“Seek his kingdom, and these things will be added to you.”
Here is a tall order, no? How exactly do we seek God’s
kingdom?
Oh, I know we all have some kind of mental picture in view
when we pray “Thy kingdom come.” I certainly always do. During the eight years
of Barack Obama’s stewardship of the U.S., I regularly imagined the man’s
surprise at getting his just desserts one day. I look forward to all
deceivers being shown to the world for exactly what they are: right, left and
apolitical alike. I picture the enthroned Christ dispensing justice, the
wolf lying down with the lamb, and ultimate truth, love and discernment
dictating all aspects of world governance.
There are all kinds of ways we may picture the kingdom. But
seeking it? That’s something else. It seems like the sort of aspiration in
which one’s reach easily exceeds one’s grasp.
Cosmic Powers and Present Darkness
After all, I do not know much at all about the workings of the
“cosmic powers over this present darkness” or the
“spiritual forces of evil in the heavenly places”. I cannot predict their evil plots or work to prevent them. I cannot picture the great spiritual battlefield in its present configuration, let alone plot
the movements of the armies of heaven across time.

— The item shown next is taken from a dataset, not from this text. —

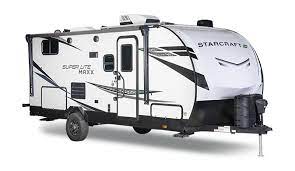 travel trailer starcraft rv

I can no more locate my
place in a cosmic conflict than I could find my way to Kansas without a
map, a compass or a GPS. I certainly would never dare try to predict a
spiritual enemy’s next move, or strategize its defeat.
I am no general in the army of God, and I am quite
useless at doing the sorts of things generals do. I am a foot soldier, and
not a very good one at that. What can a mere foot soldier do to seek God’s
kingdom?
Plenty, as it turns out.
Atten-shun!
A foot soldier may not be sufficiently shrewd or skilled to design the most efficient possible weapon, but he can certainly care for and maintain the weapons he has been given. As Aslan says to Peter in C.S. Lewis’s The Lion, the Witch and the Wardrobe, “Whatever happens, never forget to wipe your sword.” Sound advice.

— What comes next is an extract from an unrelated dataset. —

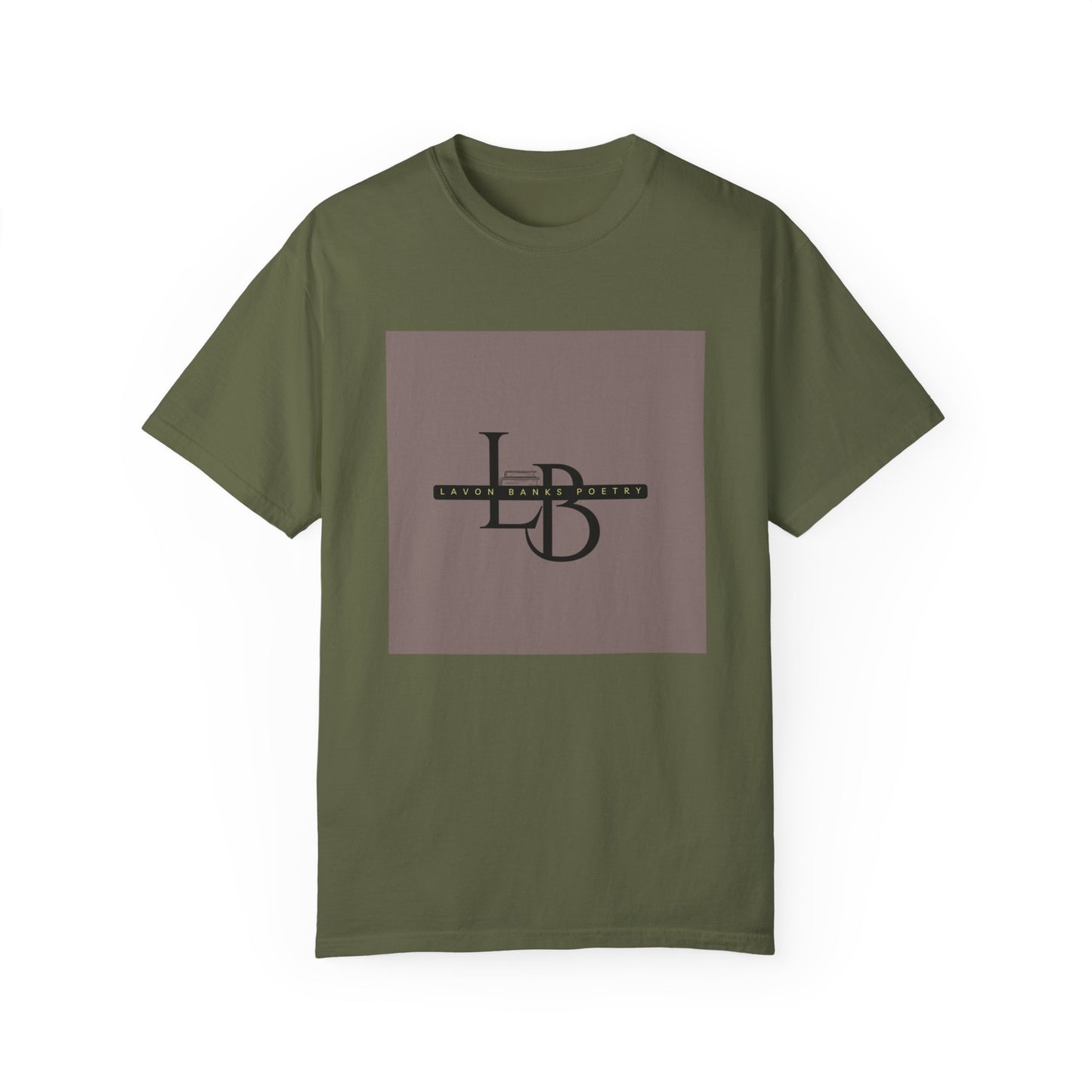 Lavon Banks Poetry OG Brown Logo T-Shirt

A foot soldier may not know how to give orders, but he can certainly
jump to attention when they are given to him.
A foot soldier may not be able to anticipate the diabolic
devices of the other side, but he can certainly sound the alarm when he spots the
enemy coming over the next hilltop.
A foot soldier may not be asked to defend the most important front
in the war — he probably doesn’t even know where it is — but he can
certainly take a stand on the spot where he has been stationed and hold it to his last dying breath.
A foot soldier may know next to nothing about the more
refined techniques of the enemy’s Propaganda and Psy-Ops divisions, but he can
sternly reject any impulse to desert.
Ordinary Acts of Obedience
The kingdom is advanced in the smallest of ways. Let’s
change the war metaphor. Ecclesiastes tells us Solomon planted vineyards and
made himself gardens and parks. It is highly unlikely he did so personally. He was king after all. His time was
precious and his projects innumerable. Rather, Solomon was the great landscape
designer, who gave instructions to his foremen, who in turn passed on specific
orders to hundreds, maybe thousands, of men and women to get to work on
particular tasks that would contribute in some small way to the desired outcome.

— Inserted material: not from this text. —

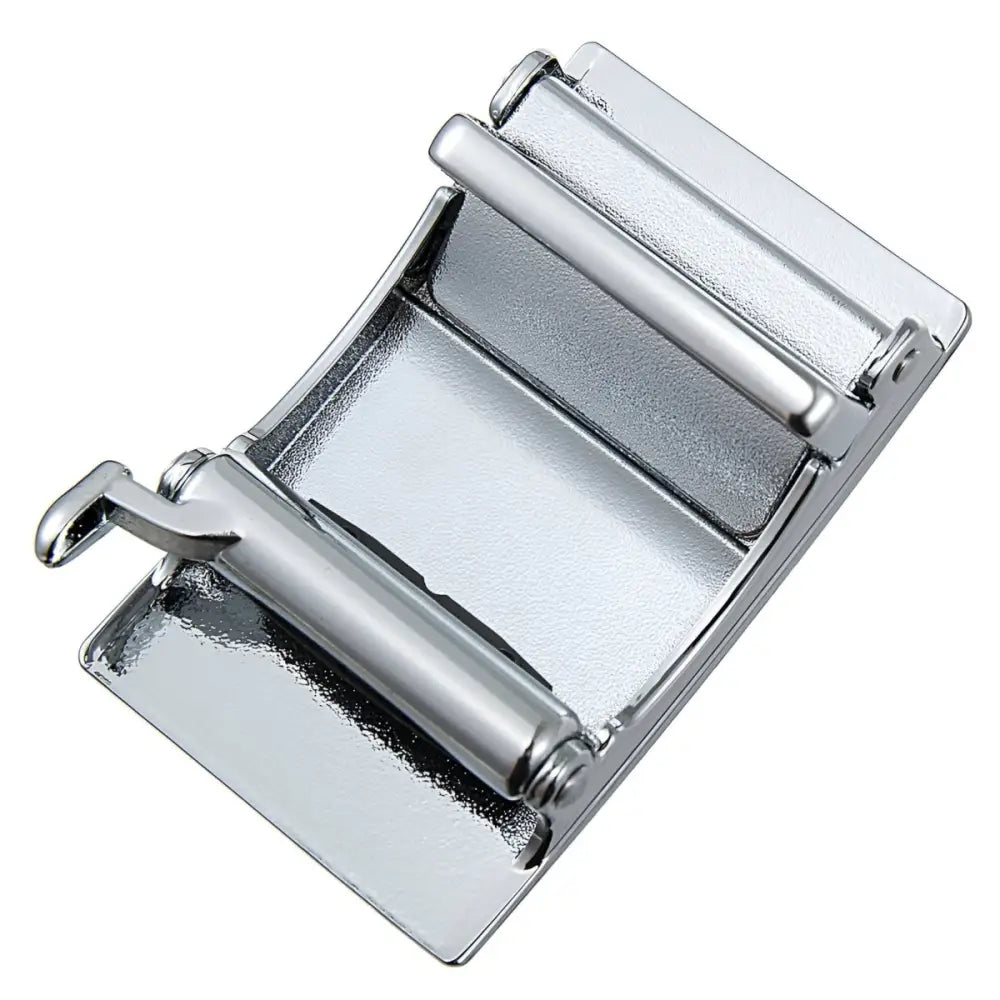 Shiny metal belt buckle for Siemen Automatic Belt featuring star design and durable construction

Each lowly entry-level employee of the palace who correctly
identified a single weed in one of Solomon’s flower beds, then dutifully knelt
and pulled it up by the root, was thus seeking and serving Solomon’s kingdom, enhancing
the grandeur of its king and promoting his purposes as best he could according
to the ability and instructions given him.
How is the kingdom of heaven advanced? With every
microscopic, humble, ordinary act of obedience to Christ, whether or not the grand
strategic purpose of these tiny gestures is ever completely understood.